Exactly as written, print every line of the listing below and omit its pictures.

- _GIVEN INFORMATION_
Start of Block
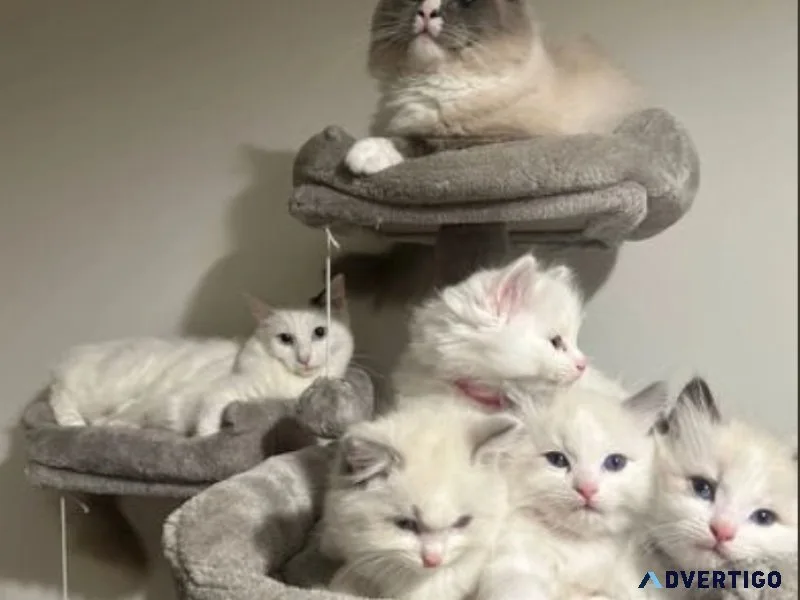 Pure Ragdoll kitten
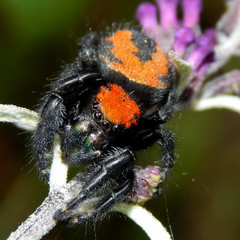 Phidippus apacheanus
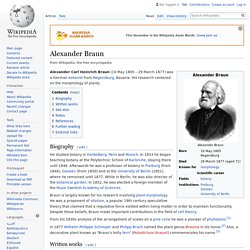 Alexander Braun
End of Block
- _PROBLEM SOLUTION_
 Pure Ragdoll kitten
 Phidippus apacheanus
 Alexander Braun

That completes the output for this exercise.